Et c'est lui encore qui réclame en janvier, à nouveau, la suspension de l'usage des lanceurs de balles de défense (LBD) utilisés par les forces de l'ordre après en avoir déjà dénoncé l'an passé "l'extrême dangerosité".

"Il a 77 ans, un âge où l’on ne s’embête plus avec des contingences"

Peut-on changer à ce point-là ? “Il a longtemps gâché son intelligence en étant un moine soldat du RPR, il a bien le droit de devenir indépendant pour la première fois de sa vie", persifle Alain Madelin, avant de nuancer. "Le poste de Défenseur des droits, c’est comme le Conseil constitutionnel : c’est la fonction qui vous façonne, mais il y a aussi une véritable adéquation."

C’est le vrai Toubon qu'on voit aujourd'hui".

Alain Madelin

à franceinfo

"Vu d’avion, il fait le grand écart sans être adepte du french cancan, mais il est passionné par ce qu’il fait, et c'est un grand travailleur", surenchérit Jean-Pierre Lecoq, qui a toujours soupçonné, néanmoins, un côté "droitdelhommiste" chez l'ancien député parisien. "Sur l'immigration, décortique-t-il, il prend les gens à témoin de l’hypocrisie et de la non-cohérence de l’État de droit.

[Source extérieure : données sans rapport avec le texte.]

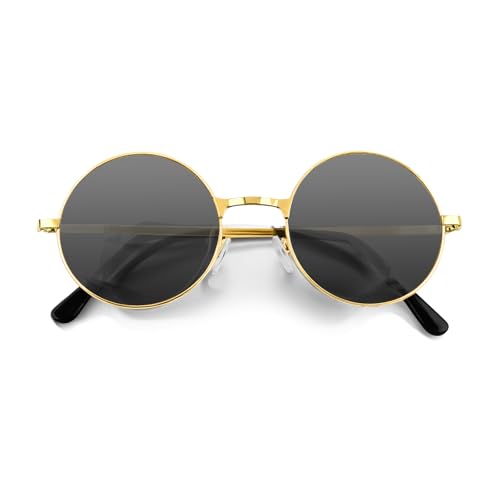 NACHLYNN Round Hippie Sunglasses Metal Border Circle Hippie Glasses UV380 Protection 70s Sunglasses for Men Women Party Favor - color: Black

En France, on est très fort pour voter des lois, beaucoup moins pour les appliquer."

Vieille amie de Jacques Toubon, qu'elle connaît depuis des décennies, l'ancienne députée et ministre Roselyne Bachelot, se montre, elle, beaucoup plus tranchante :

Le procès qui lui a été fait à sa nomination comme Défenseur des droits est misérable ! Jacques Toubon a toujours été identique à lui-même, profondément humain.

Roselyne Bachelot, ancienne ministre et députée

à franceinfo

Et de louer les qualités de toujours de l'ancien ministre de la Culture [de 1993 à 1995, sous la cohabitation Balladur–Mitterrand], "sa culture phénoménale, qui va de l’opéra baroque à l’art contemporain", son ouverture et son indépendance. Est-ce à cette "indépendance" que l'on a voulu causer du tort, avec la polémique née des 30 000 euros que toucherait le Défenseur des droits, en cumulant diverses retraites et son salaire ? L'ancienne ministre de la Santé Roselyne Bachelot botte en touche : "Je ne peux pas vous dire s’il y a des malfaisants, je crois qu'il a été mêlé à une mise en cause plus générale des salaires de la fonction publique". De toute façon, souligne-t-elle, "le Défenseur des droits est totalement indépendant, son mandat [qui court jusqu'en 2020] n'est pas révocable et ne peut être renouvelé". Qu'importent les pressions "Il a 77 ans, c’est un âge où l’on ne s’embête plus avec des contingences."